Photo courtesy of Soophia Ansari

Our packs were the heaviest they had ever been, as we had to bring extra food and snow gear. The miles were slow and grueling, the air thin due to high altitude. We would wake up at 1am to climb the steep icy passes, as this was when the snow was most firm. We would sleep during the day, when it was warm enough under the sun to fall asleep on top of snow.

M, being the fastest in our group, tended to take the lead in navigating. Often, we ended up off the trail, traversing steep snowy slopes, digging our soaking wet feet and trekking poles into the ice. Hiking through the snowy Sierras was challenging, but we all felt determined to see it through till the end, and getting through each pass felt incredibly rewarding. For a while, things were good… until they weren’t. 

With no option but to wait until it was safe to hike, I sat in my tent shaking from cold and exhaustion and cried.

During one tough section, we were met with intense back-to-back hail storms that made conditions slippery and dangerous. Lightning danced all around us and we found ourselves slipping on steep descents and self arresting with our ice axes several times. The snow became slushy and we began postholing (falling through pockets of air under fragile snow and onto unforgiving granite). All of our gear became soaked and we set up our wet tents haphazardly to wait out the storm. For the next few days, there were repeated storms, making travel feel unsafe; still the only way out was through.

M and D, frightened by the weather, picked up their paces, and I struggled to keep up.  They were clearly frustrated by my inability to keep pace, and I was frustrated at myself, and at them. We had entered the Sierra as a team, but I was starting to feel more like a problem and less like a team member. As we had to make tough calls, it always felt like my opinion was secondary; this was their hike, and I was just tagging along, slowing them down. This didn’t feel good at all, but what was I supposed to do? I was in dangerous terrain and I depended on these girls, my trail family. We were safer in numbers than we were alone, and they were my friends, after all.

Photo courtesy of Soophia Ansari

During one tough day, we found ourselves on top of a mountain when an intense lightning and hail storm made its way toward us. We set up our shelters to wait it out, and when the storm passed, we had to decide if it was worth heading down the mountain or not. M and I agreed it was worth trying, D disagreed. We pushed forward, ultimately getting stuck in the storm again, and having to set up our tents on the side of the mountain, exposed even more to the elements.

As my already wet tent started dripping ice cold water onto my sleeping bag, I suddenly felt powerless and panicked.
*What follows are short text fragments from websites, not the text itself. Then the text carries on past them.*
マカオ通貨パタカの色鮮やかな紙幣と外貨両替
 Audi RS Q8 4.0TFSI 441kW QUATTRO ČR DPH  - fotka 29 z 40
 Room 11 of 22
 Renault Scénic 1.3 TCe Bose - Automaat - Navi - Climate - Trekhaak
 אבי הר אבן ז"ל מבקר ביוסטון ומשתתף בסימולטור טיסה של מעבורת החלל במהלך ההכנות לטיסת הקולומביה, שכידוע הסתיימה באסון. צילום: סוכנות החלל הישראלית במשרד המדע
I wanted to get out of here so fast. I was tired of being stuck in this mountain range that was so cruel. I was tired of shivering from the damp cold and tired of feeling dizzy from the altitude. I considered what would happen if I pressed SOS on my Garmin, but knew it wasn’t the right choice. My sleeping bag still provided warmth; I could still hike; and I still had food. With no option but to wait until it was safe to hike, I sat in my tent shaking from cold and exhaustion and cried. I called out to M and D, hoping we could talk. They weren’t interested in speaking with me.

D felt that the reason we were stuck on this mountain was because I wanted to keep pushing forward. The reason we were stuck was because I was slower than the two of them. She lashed out at me while I was crying. Were these the same people I had hiked 900 miles with so far? I felt incredibly small and alone, weak and pathetic for getting upset.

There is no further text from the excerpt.